The boundary then followed the course of the Magdalena River to the mouth of the Nus River. It traced the Nus upstream to the mountain range separating the watersheds of the Samaná Norte and Cocorná rivers. Continuing through the highlands of Tigre and Canelo, it reached the mouth of La Mulata Creek in the Samaná River. The border then followed the Samaná to its confluence with the La Miel River, tracing the latter upstream to its source in the Nevado del Ruiz. Finally, it extended to the headwaters of the Azufral and Chinchiná creeks, thus completing the demarcation of the province.

=== Territorial division ===
The province of Mariquita had various types of territorial divisions. Initially, it was divided into partidos, which were later called jurisdictions. With the arrival of independence, these subdivisions came to be called cantons, though the boundaries were modified and some subdivisions were merged.

In 1825, the province was divided into the cantons of Mariquita, Honda, Ibagué and La Palma. By 1835, Mariquita had the cantons of Mariquita, Espinal, Honda, Ibagué and La Palma. In 1843, it was divided into the cantons of Mariquita, Castrolarma, Espinal, Honda, Ibagué and La Palma.

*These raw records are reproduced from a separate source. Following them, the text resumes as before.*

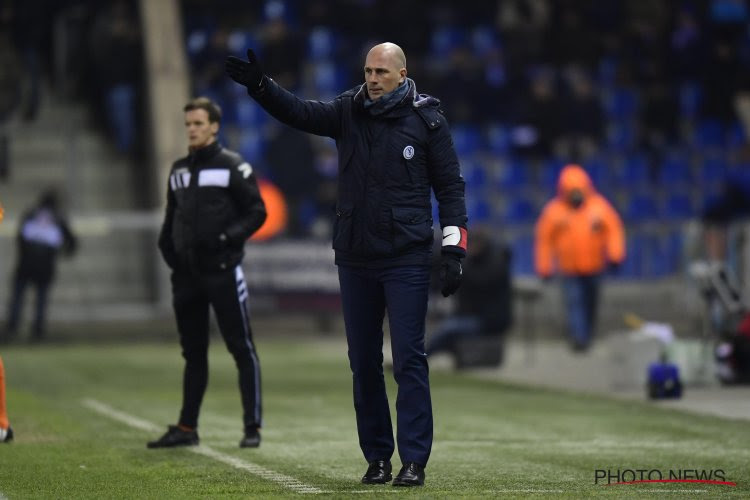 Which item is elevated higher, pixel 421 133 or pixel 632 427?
pixel 421 133

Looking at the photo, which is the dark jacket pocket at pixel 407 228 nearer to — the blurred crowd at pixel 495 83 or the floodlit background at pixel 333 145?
the floodlit background at pixel 333 145

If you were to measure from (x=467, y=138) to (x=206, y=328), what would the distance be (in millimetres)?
16741

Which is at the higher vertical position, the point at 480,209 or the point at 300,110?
the point at 300,110

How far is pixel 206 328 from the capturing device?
434 inches

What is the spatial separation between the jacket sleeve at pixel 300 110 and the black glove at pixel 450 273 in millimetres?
810

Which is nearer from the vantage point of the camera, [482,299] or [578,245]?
[482,299]

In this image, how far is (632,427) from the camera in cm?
1243

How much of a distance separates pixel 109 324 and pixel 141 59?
461 cm

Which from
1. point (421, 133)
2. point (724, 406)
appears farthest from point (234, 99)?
point (421, 133)

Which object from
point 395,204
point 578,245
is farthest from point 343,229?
point 578,245

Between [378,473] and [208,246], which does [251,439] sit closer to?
[208,246]

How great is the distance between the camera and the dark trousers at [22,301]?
22422mm

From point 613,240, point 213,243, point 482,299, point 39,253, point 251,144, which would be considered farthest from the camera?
point 251,144

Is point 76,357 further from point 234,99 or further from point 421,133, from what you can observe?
point 421,133
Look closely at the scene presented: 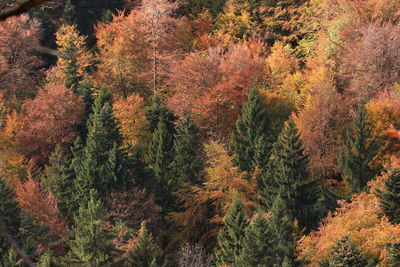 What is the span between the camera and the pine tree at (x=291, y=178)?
130ft

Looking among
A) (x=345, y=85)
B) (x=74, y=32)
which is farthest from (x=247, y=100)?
(x=74, y=32)

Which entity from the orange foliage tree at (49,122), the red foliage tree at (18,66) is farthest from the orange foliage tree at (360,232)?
the red foliage tree at (18,66)

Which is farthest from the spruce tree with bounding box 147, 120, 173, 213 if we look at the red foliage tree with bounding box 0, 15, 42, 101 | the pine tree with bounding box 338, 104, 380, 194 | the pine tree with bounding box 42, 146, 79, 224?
the red foliage tree with bounding box 0, 15, 42, 101

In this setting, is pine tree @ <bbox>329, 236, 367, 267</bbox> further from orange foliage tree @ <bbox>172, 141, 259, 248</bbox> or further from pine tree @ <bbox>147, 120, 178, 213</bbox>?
pine tree @ <bbox>147, 120, 178, 213</bbox>

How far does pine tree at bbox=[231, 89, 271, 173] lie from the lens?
42.3 metres

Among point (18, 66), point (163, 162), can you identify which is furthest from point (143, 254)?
point (18, 66)

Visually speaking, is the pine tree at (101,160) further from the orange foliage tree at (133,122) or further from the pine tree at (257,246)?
the pine tree at (257,246)

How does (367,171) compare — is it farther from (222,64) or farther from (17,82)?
(17,82)

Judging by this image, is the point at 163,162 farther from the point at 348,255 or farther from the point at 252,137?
the point at 348,255

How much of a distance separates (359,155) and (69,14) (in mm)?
31833

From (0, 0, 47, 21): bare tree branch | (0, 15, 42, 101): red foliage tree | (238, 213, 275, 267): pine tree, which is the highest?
(0, 0, 47, 21): bare tree branch

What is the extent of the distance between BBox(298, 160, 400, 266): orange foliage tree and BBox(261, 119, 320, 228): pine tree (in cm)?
388

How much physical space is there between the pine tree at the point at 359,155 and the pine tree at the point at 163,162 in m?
10.6

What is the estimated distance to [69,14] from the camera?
2413 inches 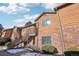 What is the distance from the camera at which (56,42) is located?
3.05 m

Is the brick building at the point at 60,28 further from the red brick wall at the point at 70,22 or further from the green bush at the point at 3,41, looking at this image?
the green bush at the point at 3,41

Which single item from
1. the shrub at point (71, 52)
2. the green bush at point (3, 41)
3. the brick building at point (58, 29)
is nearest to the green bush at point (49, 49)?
the brick building at point (58, 29)

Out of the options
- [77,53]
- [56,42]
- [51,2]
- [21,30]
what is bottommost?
[77,53]

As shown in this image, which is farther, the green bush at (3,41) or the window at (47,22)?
the window at (47,22)

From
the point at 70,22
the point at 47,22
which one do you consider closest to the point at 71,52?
the point at 70,22

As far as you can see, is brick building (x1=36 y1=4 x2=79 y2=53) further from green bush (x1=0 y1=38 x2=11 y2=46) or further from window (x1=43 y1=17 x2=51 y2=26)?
green bush (x1=0 y1=38 x2=11 y2=46)

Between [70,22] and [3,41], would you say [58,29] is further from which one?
[3,41]

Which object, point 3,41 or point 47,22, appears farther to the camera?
point 47,22

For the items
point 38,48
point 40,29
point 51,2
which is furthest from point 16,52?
point 51,2

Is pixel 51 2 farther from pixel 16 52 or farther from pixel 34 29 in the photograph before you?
pixel 16 52

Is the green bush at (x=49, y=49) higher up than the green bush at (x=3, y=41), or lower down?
lower down

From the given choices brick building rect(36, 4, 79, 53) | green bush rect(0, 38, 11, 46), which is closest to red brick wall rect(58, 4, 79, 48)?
brick building rect(36, 4, 79, 53)

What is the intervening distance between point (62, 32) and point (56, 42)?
20 cm

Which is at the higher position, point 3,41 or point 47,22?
point 47,22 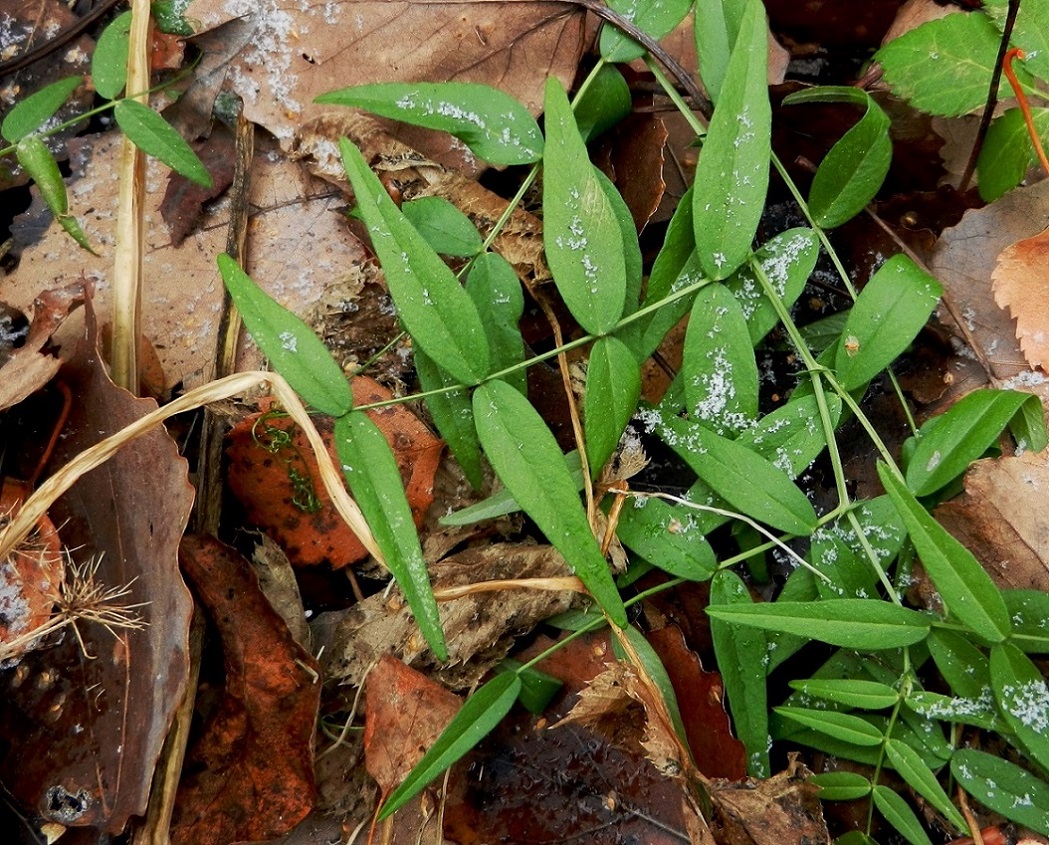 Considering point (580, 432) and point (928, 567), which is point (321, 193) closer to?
point (580, 432)

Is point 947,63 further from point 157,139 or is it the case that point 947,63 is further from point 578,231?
point 157,139

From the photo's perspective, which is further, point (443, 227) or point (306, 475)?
point (306, 475)

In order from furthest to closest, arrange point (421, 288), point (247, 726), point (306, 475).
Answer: point (306, 475)
point (247, 726)
point (421, 288)

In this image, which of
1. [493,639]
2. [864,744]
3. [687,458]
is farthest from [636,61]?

Between 1843 and 1851, the province was composed of the following cantons, parochial districts, and villages:

- Canton of Honda: Honda, Ambalema, Calamoima, Méndez and Nare.
- Canton of Castrolarma: Chaparral and Ortega.
- Canton of Espinal: Espinal, Guamo and San Luis.
- Canton of Ibagué: Ibagué, Coello, Miraflores, Piedras, Valdesina, Valle de San Juan and Venadillo.
- Canton of Mariquita: Mariquita, Guayabal, Peladeros and Santana.
- Canton of La Palma: La Palma, Caparrapí, Peña, Peñón, Topaipí and Yacopí.

== Demographics ==
According to data provided by the secretary of the Viceroyalty of New Granada, Francisco Silvestre, in his book Description of the Kingdom of Santafé de Bogotá in 1789, the province had a population of 47,138 inhabitants. By 1835, the province had grown to 79,721 inhabitants.
According to the 1851 census, the province had 105,105 inhabitants, of which 51,380 were men and 53,725 were women.